In the center, Halema‘uma‘u Crater erupts on Kīlauea under a starry night sky. Massive, active Mauna Loa towers above the erupting crater. A nēnē is seen in flight and is a reminder of the success of the park’s nēnē recovery efforts. On the right “hip,” a petroglyph represents the human story behind the lava rock carvings found in the park at Pu‘u Loa Petroglyphs. On the left, the lehua blossom, a sacred flower of Pelehonuamea, the Hawaiian volcano goddess, symbolizes the native ‘ōhi‘a tree found throughout the park.
Organizations that wish to use the park’s centennial logo can contact centennial coordinator Jessica Ferracane at (808) 985-6018 or via email, email@example.com, for details.
Centennial events are planned in the park from Jan. 1, 2016 through the end of 2016, including a monthly ranger-guided Centennial Hike Series, with a complementary After Dark in the Park program. The park’s annual Cultural Festival & BioBlitz, scheduled for Sat., Aug. 27, 2016 (a fee-free day), will showcase how Hawaiian cultural practices weave science and stewardship together.
The park’s new Centennial web page features a new multimedia video, 100 Years in 100 Seconds, which highlights 100 years of volcanic eruptions in 100 seconds.

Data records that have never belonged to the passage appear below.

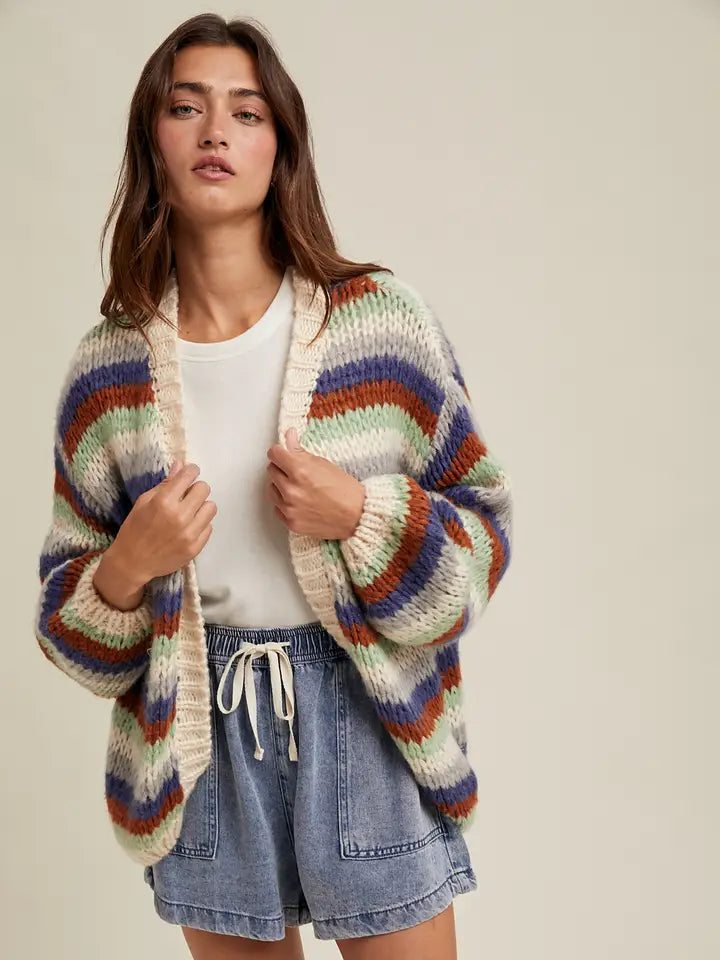 Multi Striped Cardigan Sweater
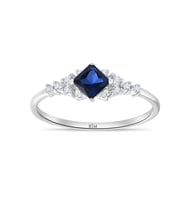 0.30 Karat Laboratuvar Pırlanta Safir Yüzük - HRD Sertifikalı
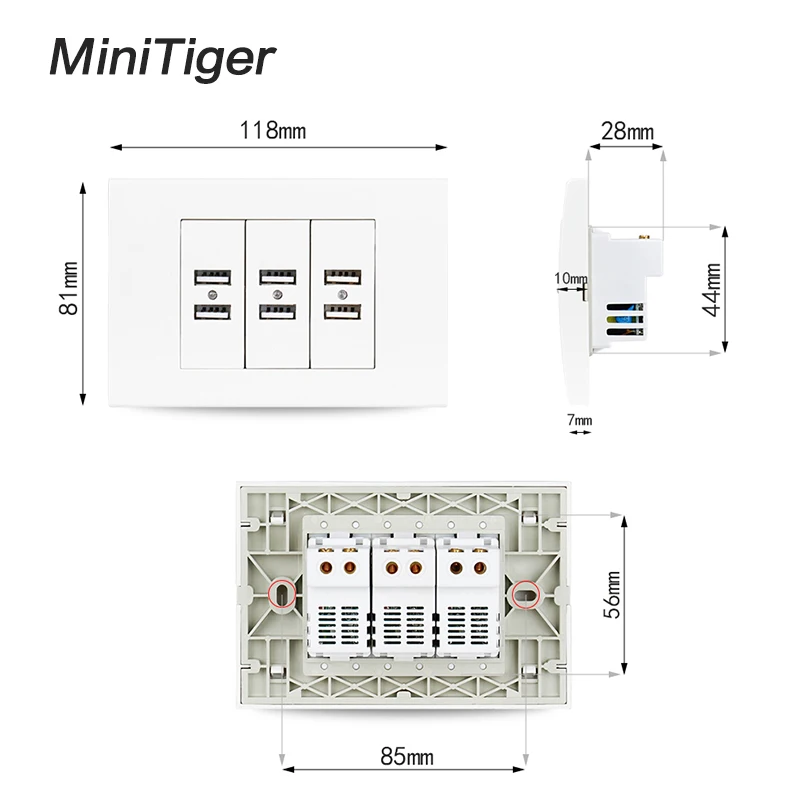 Minitiger США/AU стандартная настенная розетка USB 6 USB зарядное устройство порт для мобильного телефона с индикатором 118 мм* 80 мм белая пластиковая панель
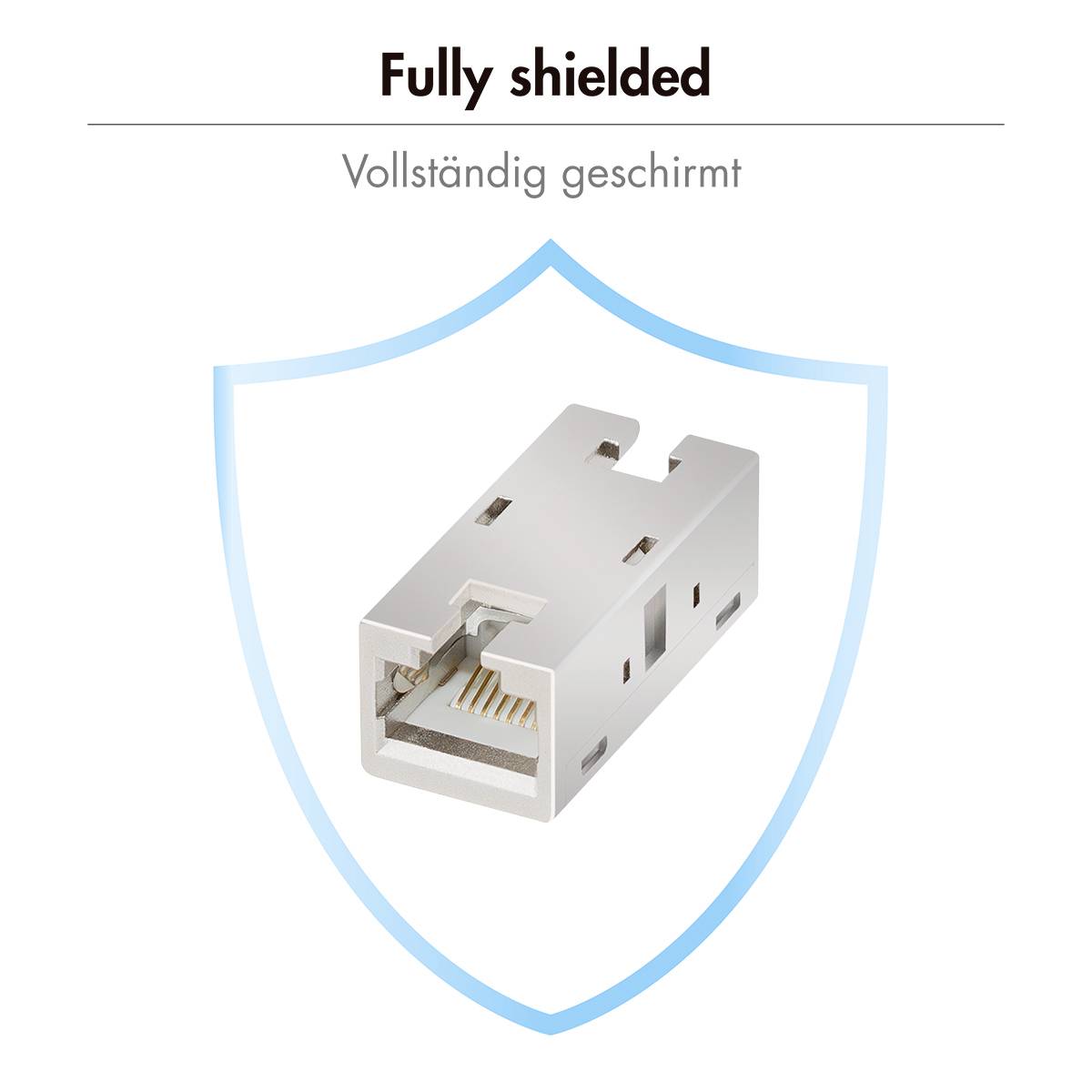 RJ45-Netzwerkstecker, vollständig geschirmt, dargestellt innerhalb eines blauen Schildes.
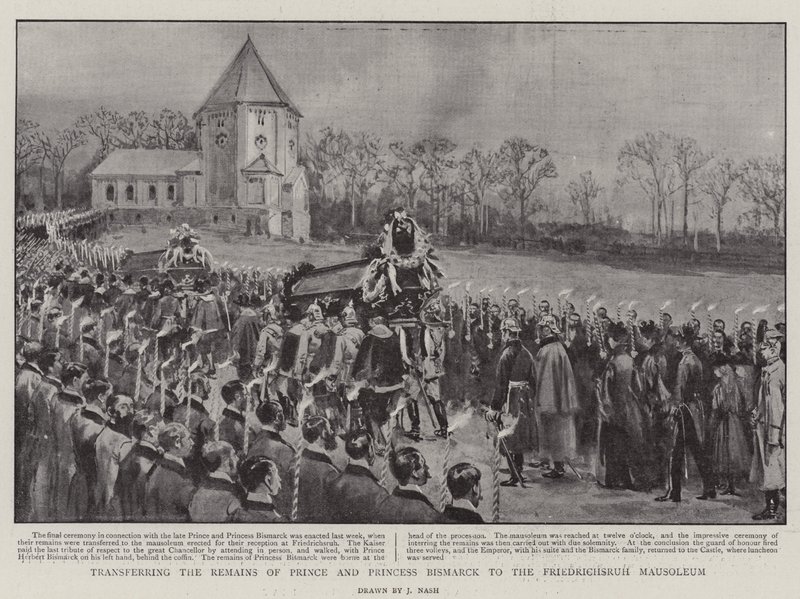Přenesení ostatků prince a princezny Bismarckových do mauzolea ve Friedrichsruhu od Joseph Nash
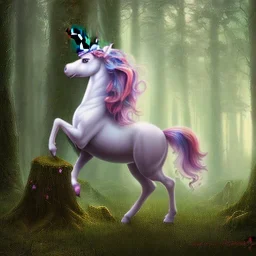 sweet unicorn in the forest of purgatory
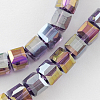 Electroplate Glass Beads Strands EGLA-R030-6x6mm-09-1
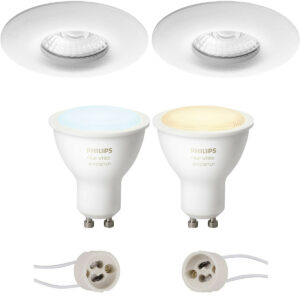 Pragmi Luno Pro – Waterdicht IP65 – Inbouw Rond – Mat Wit – Ø82mm – Philips Hue – LED Spot Set GU10 – White Ambiance – Bluetooth Bestellen via ledinbouwverlichting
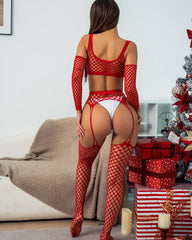 Fire Starter - Sexy Red Fishnet Lingerie Set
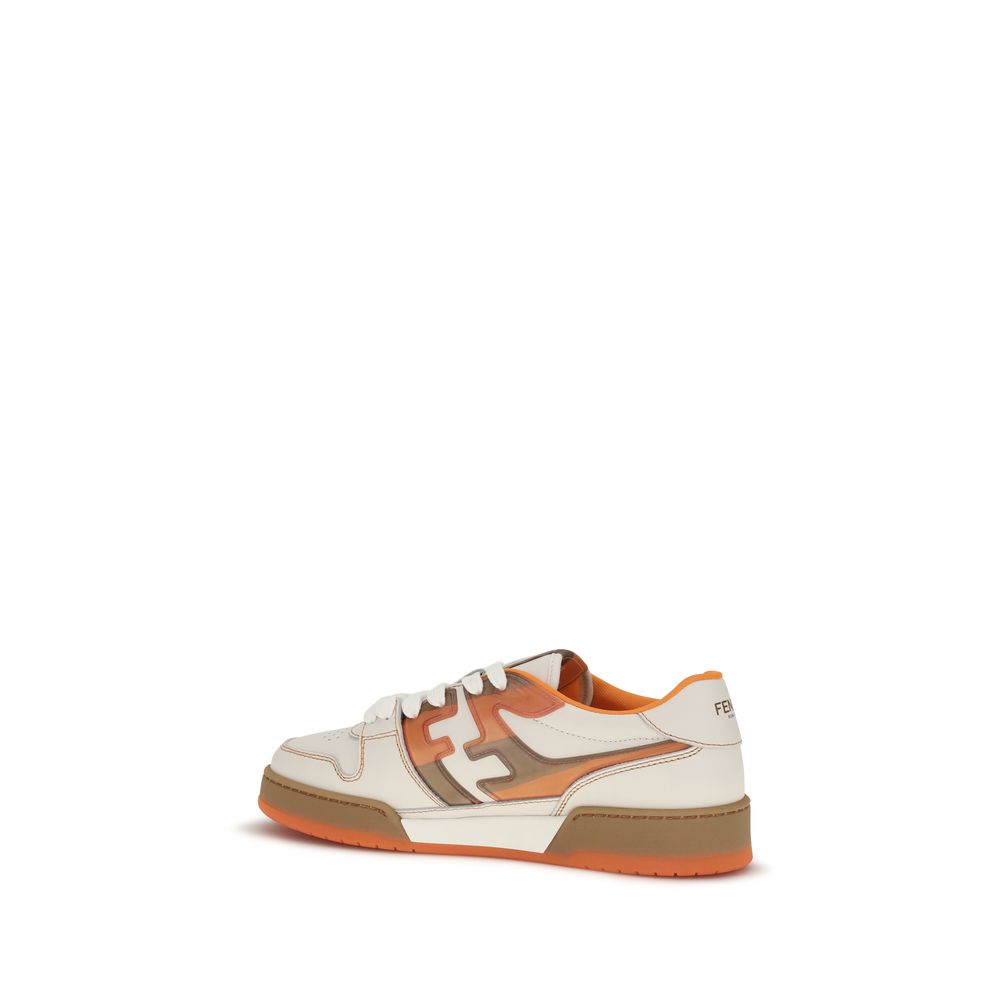 Fendi – Sneakers Match en Cuir Grainé | Logo FF Semi-Transparent | Collection AW26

In a second video, Share Your Story, Park Ranger Andrea Kaawaloa-Okita shares her story as a fourth-generation employee of Hawai‘i Volcanoes and the importance of connecting the next generation to their national park. The web page will be updated with a centennial calendar of events.
Founded on Aug. 1, 1916, Hawai‘i Volcanoes was the 15th national park established in the U.S., and celebrates its centennial anniversary along with the National Park Service itself, which turns 100 on Aug. 25, 2016.